Language should INCLUDE, not exclude.
"Guys" is often used to address groups.
But common usage does not make something universally inclusive.
"Guys" is not an inclusive default.
A dictionary can explain how a word is commonly used.
It does not get to override someone's experience of being excluded.
"Everyone says it" is not an argument.
Language has always evolved. Words and phrases that were considered acceptable decades ago are now recognized by many as harmful, outdated, or unacceptable.
We changed those words because people spoke up.
When someone says, "I don't feel included," the response should not be a debate about why they should feel included.
Listen.
Learn.
Understand.
Move forward.
Old Defaults, New Reality
Many language defaults developed during periods when men were often assumed to be the standard.
"Dear Sirs" was once a common formal greeting because business, government, and professional spaces were often treated as male spaces by default.

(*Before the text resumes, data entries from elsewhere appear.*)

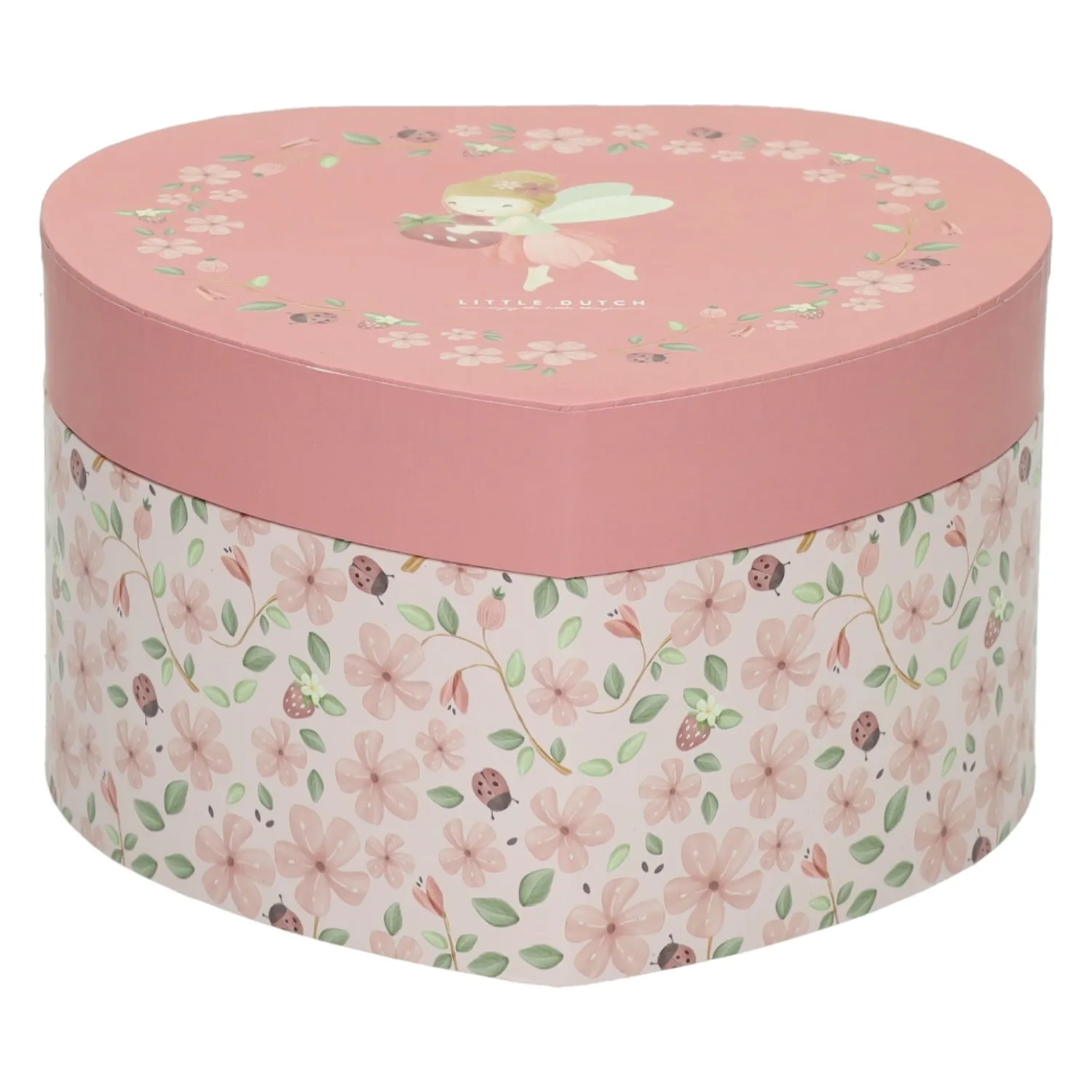 Bambolino Toys Little Dutch Sieradendoosje Elf - Fairy Garden Outlet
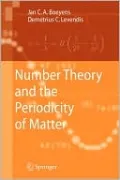 Number Theory and the Periodicity of Matter
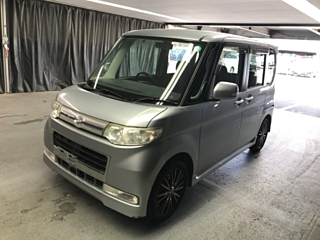 DAIHATSU TANTO 2009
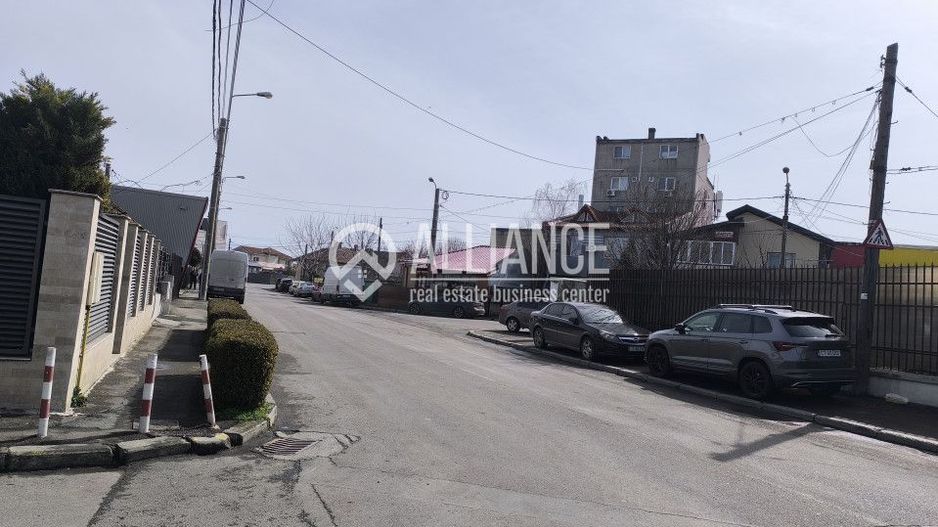 BRATIANU 2 COCOSI(COD03) - Casa si curte cu utilitati incluse ! - Poză 27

"Thank you, sir" is still sometimes used automatically because respect was historically tied to male titles and authority.
But a default is not the same thing as inclusion.
When someone says, "I am not a sir," the response should not be an argument about how commonly the word is used.
Especially when you rely on someone's expertise, guidance, or technical skills, dismissing their identity while expecting their help creates a contradiction.
Respect should not disappear when someone's knowledge becomes useful to you.
The response should recognize that language can change to better reflect the reality of the world we live in today.
Women and other people who do not identify with those terms have always existed in these spaces.
The issue is not that anyone is trying to erase language.
The issue is that language should not assume one group is the default for everyone.
Inclusive language is not about being difficult.
It is about recognizing that the world is larger than the assumptions built into older habits.
Conversations Seen Too Often
Person A: The term "guys" does not include me. I am not a "guy".
Person B: "Guys is gender-neutral."
Person A: "Some people don't feel included by that term. I do not feel included by that term."
Person B: "Here's the definition. 'You guys' is commonly used as gender-neutral, but some people find it exclusionary because of its masculine roots."
Person A: "Exactly. That is the point. I find the term exclusionary."
Person B: "I didn't understand the nuance. English isn't my first language. Don't discriminate against me because English isn't my first language."
Claiming Authority
Someone explained that the term "guys" does not feel inclusive to them, and instead of listening, you tried to correct them on the meaning and usage of the very language they were using to explain their own experience.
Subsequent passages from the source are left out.